## How to complete this task
Transcribe only the part of the material below that begins at the line containing "Mollusks are soft, but" and ends at the line containing "In the settings", with both kept and images left out.

-------- Records for processing --------

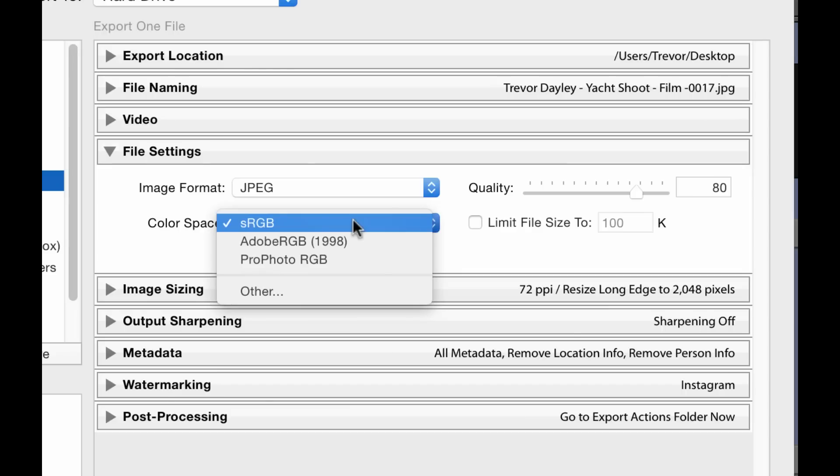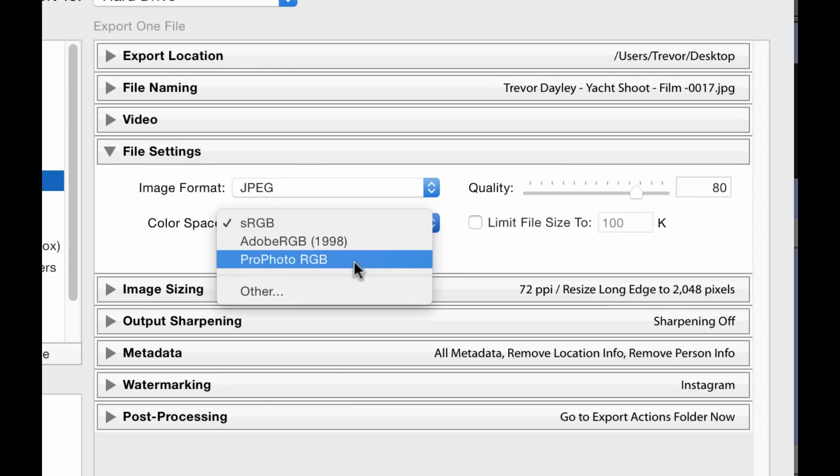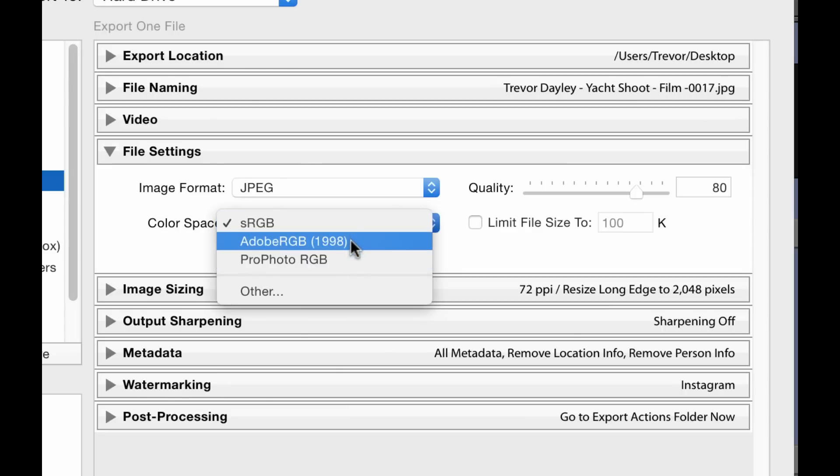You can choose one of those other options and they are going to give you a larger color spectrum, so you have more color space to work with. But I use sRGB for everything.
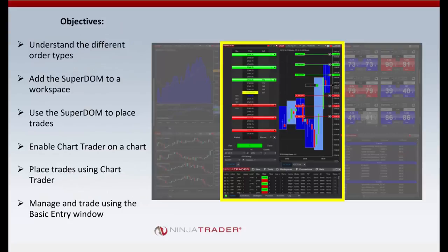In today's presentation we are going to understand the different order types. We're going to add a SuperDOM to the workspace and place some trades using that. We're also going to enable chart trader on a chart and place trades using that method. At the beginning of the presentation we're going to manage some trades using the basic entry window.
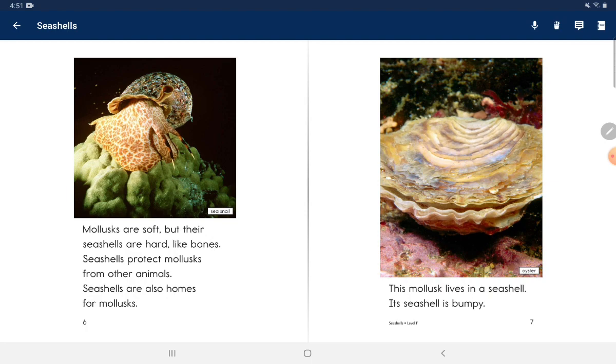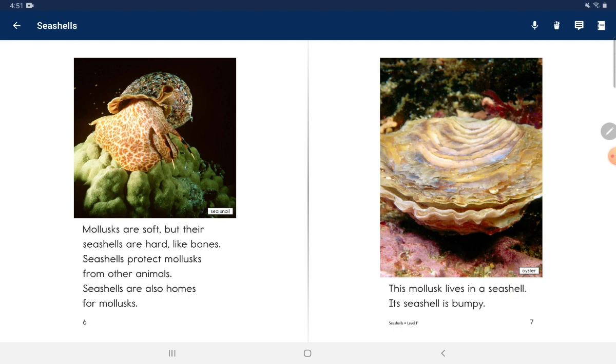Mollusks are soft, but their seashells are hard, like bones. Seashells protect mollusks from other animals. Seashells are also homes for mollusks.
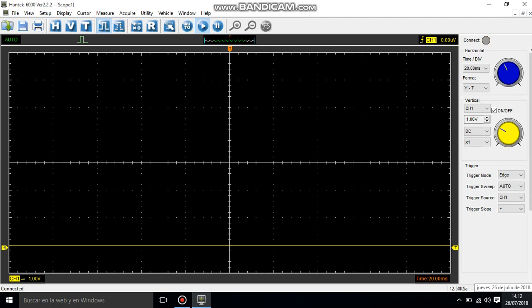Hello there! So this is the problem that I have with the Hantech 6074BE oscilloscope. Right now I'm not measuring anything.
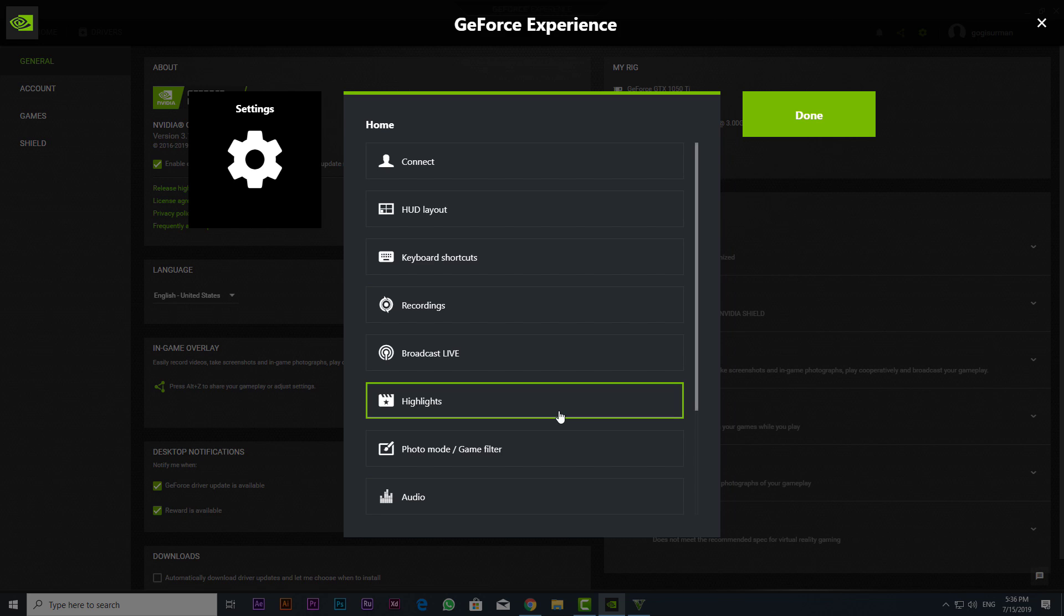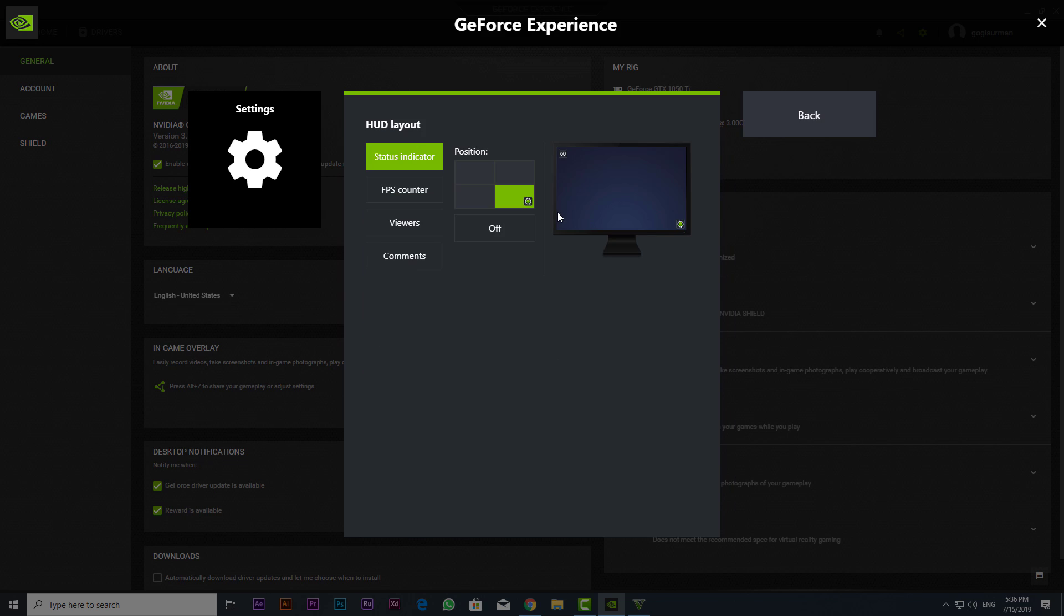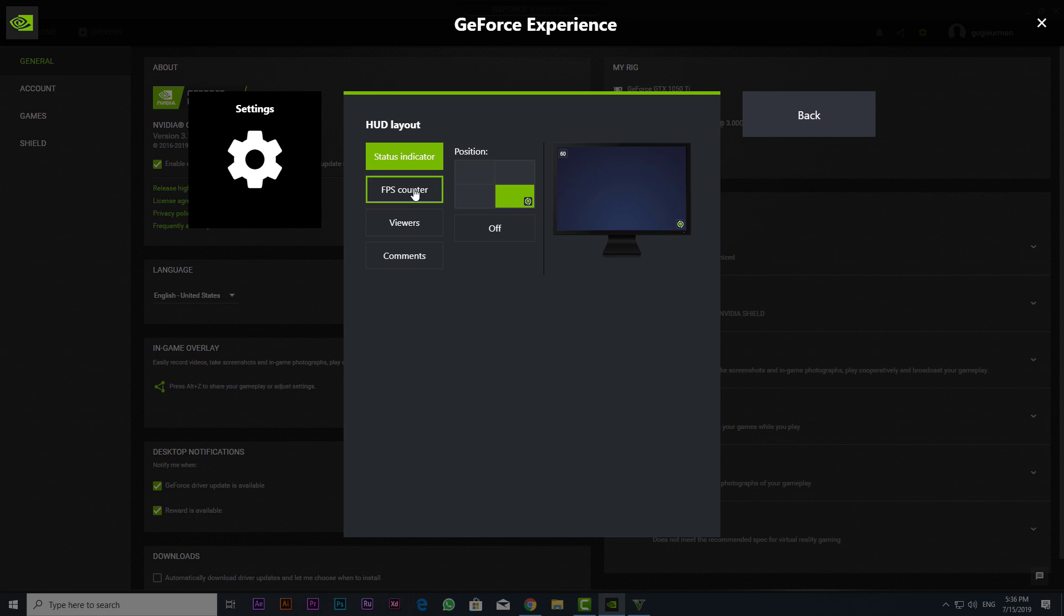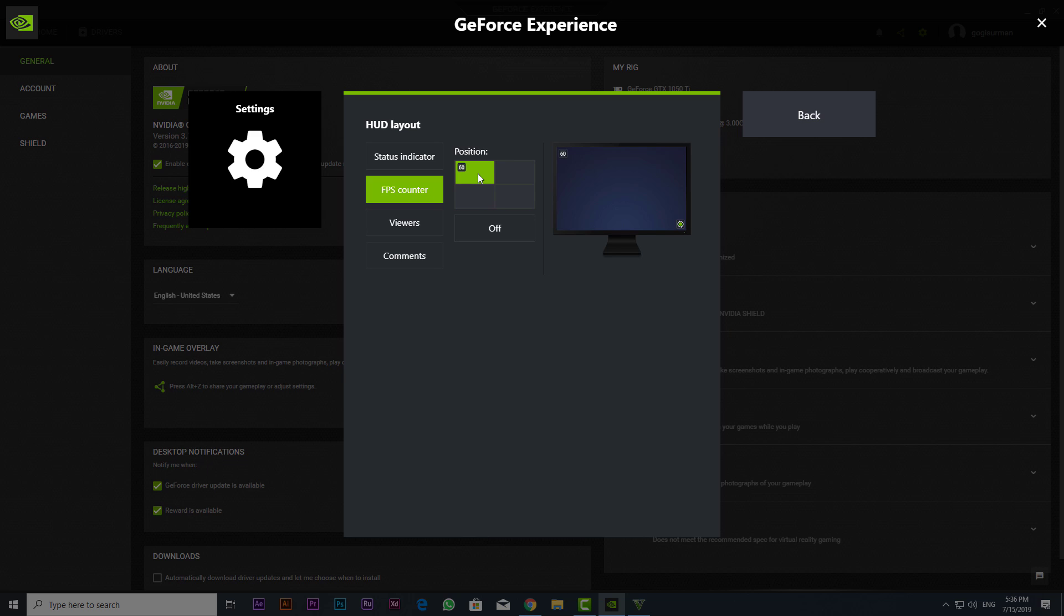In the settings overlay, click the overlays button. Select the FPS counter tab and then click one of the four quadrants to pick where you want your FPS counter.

--------
-------- Records for processing --------

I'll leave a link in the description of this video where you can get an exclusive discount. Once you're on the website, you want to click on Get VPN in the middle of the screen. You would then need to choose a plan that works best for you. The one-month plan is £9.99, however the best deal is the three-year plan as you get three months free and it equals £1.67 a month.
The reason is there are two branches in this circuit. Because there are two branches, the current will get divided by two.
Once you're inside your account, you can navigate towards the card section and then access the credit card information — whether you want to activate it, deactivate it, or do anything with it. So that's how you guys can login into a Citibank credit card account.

--------

## The answer
Mollusks are soft, but their seashells are hard, like bones. Seashells protect mollusks from other animals. Seashells are also homes for mollusks.
Hello there! So this is the problem that I have with the Hantech 6074BE oscilloscope. Right now I'm not measuring anything.
In the settings overlay, click the overlays button. Select the FPS counter tab and then click one of the four quadrants to pick where you want your FPS counter.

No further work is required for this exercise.